Whiskey and Wry (Sinners, #2)



SAFELY tucked away under tarps strung between two metal shed-like structures on the warehouse roof, Damien was already hiding when one of the Morgan behemoths stamped up the stairs.

A few days before, he convinced Sionn to help him drag a couple of beanbags upstairs, angling them so he could lay in one and have a piggyback amp on the other. Now with a shelter from the elements, Damien bundled up in layers and fled to the roof when the world pushed in on him, losing himself in the music he coaxed from one of his old guitars.

Kane had been very serious about Miki saving all of Damie’s life in boxes and crates. Nearly every guitar Damie ever hoarded was stacked carefully either in a spare room or in the never-used, dusty studio downstairs. Sinner’s Gin was entombed in Miki’s warehouse, trapped in mosquito-flecked amber in the hopes of being released by some mad scientist.

“Just because you can,” Damie murmured over his strings, “doesn’t mean you should.”

It’d been a problem he’d wrestled with ever since he and Miki spoke about the band. He needed the lights and screams as much as he needed to shape the music that poured out of him. Sinjun wasn’t the ego-whore he was, but he missed the family they’d once had, even if it meant tearing their lives apart slogging from city to city. Neither one of them had realized they’d been living on borrowed time. Now as they licked their wounds and broken spirits, the stage was still a lure, a temptation both of them missed drinking from.

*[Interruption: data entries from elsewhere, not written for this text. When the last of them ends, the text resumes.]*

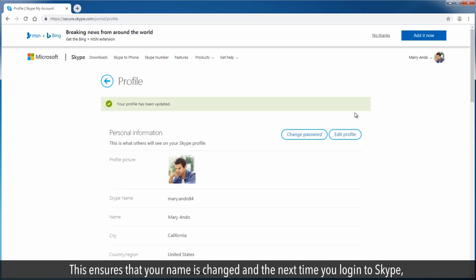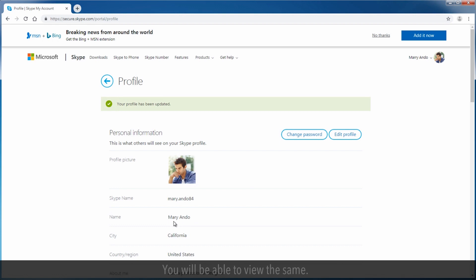This ensures that your name is changed and the next time you log in to Skype, you will be able to view the same.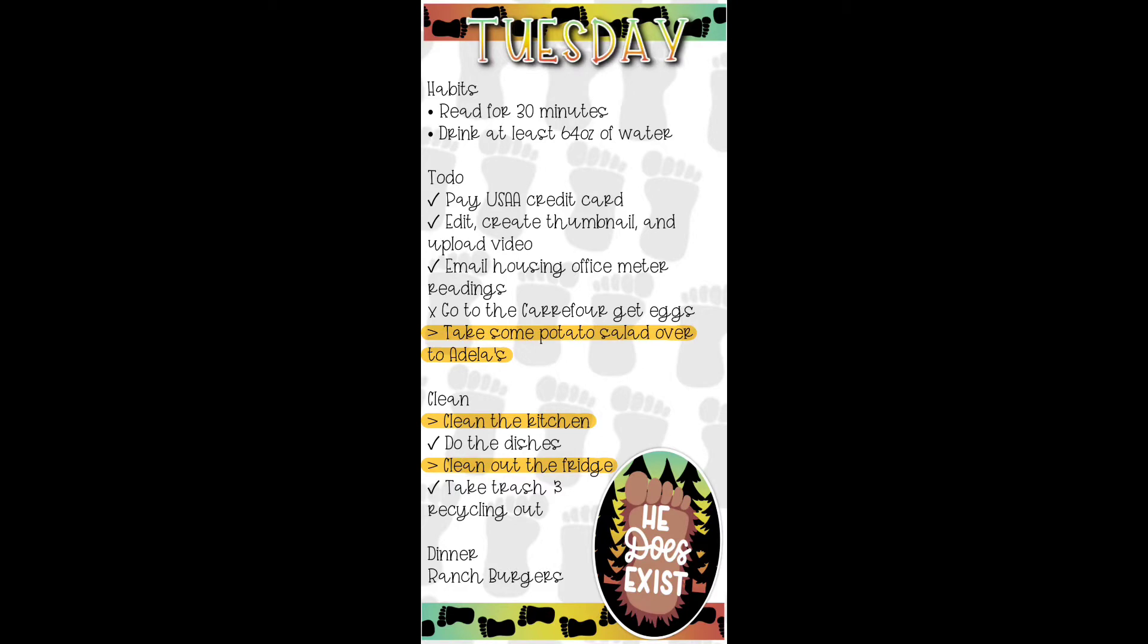Just wanted to update you guys on today's spread. I did end up changing my font back to the original one that I had. And then these highlighted things here means that I didn't get these done today. So I got most of my to-do list done.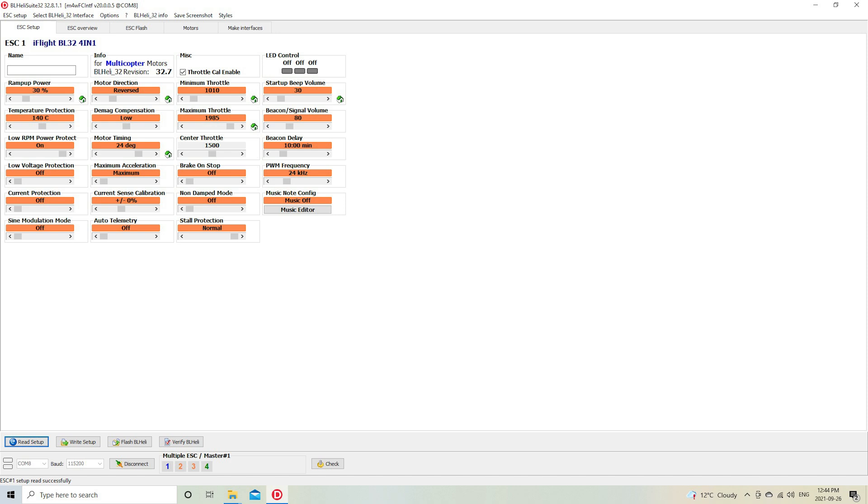One of the other ones that I changed—I think this is a good important change—is setting the timing to 24 degrees. Between 23 and 25 is supposed to be a good reliable setting for your ESC.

The arrival of a throaty-motored beast of a car had reaffirmed Damien’s decision to take some breathing space, especially when he heard Kane’s brother complain about the front door.

“I just knock.” The man’s voice was a bass drum, rolling up from three stories below. Damie couldn’t quite make out what the mother said, but her lilting Irish scold was hot in amazement at her son’s stupidity. “What bell? That? That looks like it’s a part of the door! If it’s a doorbell, it should be on the side. And lit up or something. Who the hell designed this place? Escher?”

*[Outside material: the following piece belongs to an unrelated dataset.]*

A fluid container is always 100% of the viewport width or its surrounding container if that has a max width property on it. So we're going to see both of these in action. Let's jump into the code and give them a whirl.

Apparently, the son was either driven out by his raptor mother or he’d been sent in search of Damien, because he nodded at the guitarist when their eyes met, not surprised to see Damie wedged into his hiding space. He was about to tell the Morgan spawn to get his muscled ass back downstairs when the man held up a couple of beer bottles and a bag of chicharrónes.

“Ah, you bring tribute.” Damien set his guitar down next to him and leaned over to clear off the other beanbag. “Come, approach so I may bless you. Connor, right?”

The Morgan in question nodded and handed Damie the bag of rinds, then popped open both bottles. Setting one down on a plastic crate sitting between the beanbags, he laughed with a mouthful of suds at Damien’s orgasmic noises after crunching on a rind.

“Oh fucking hell, these are almost as good as sex.” Damien hissed at the spicy aftermath rising up in his mouth as he chewed. “Goddamn. Really, where the hell do you get these?”

“My da makes them.” The Irish in Connor’s voice was more pronounced than his brothers’, a hair less than Damie heard in Sionn’s rough murmurs. “Mum makes him cook outside in a stockpot fryer. She was always afraid one of us would fall into it and she’d be out a dishwasher.”

“You sure your dad’s not gay?” Damien dug out another rind and slid the velvety curl into his mouth. “I’d marry him.”

“And Sionn? What about him?” Connor gave him a look as he took another swig.

“I’ll keep him on the side.” He waved a chicharrón in the air under Connor’s nose. “If he’s tasted these, he’d understand.”

“Huh.” The man’s noncommittal grunt was as bland as the rinds were fiery.

Sniffing at the threatening scent of rain in the air, Damien asked, “Did you come up here to hide from your mom or to drag me downstairs?”

“You think I hide from my mum?” Connor’s mouth quirked to the side.

“I think any sane man would hide from your mom,” he replied smoothly. “Miki’s crazy, and he hides from her.”

“Yeah, it pisses her off, but she won’t say anything.” Connor groaned, rolling his shoulders. “We keep telling her to let him come to her, but Mum’s not that… patient. Give her time. She’ll have you in her sights soon enough. And yeah, I’m hiding first, then probably dragging you down with me. She wants to cook you guys dinner. Says something about you all having to eat something besides steak and fried chicken.”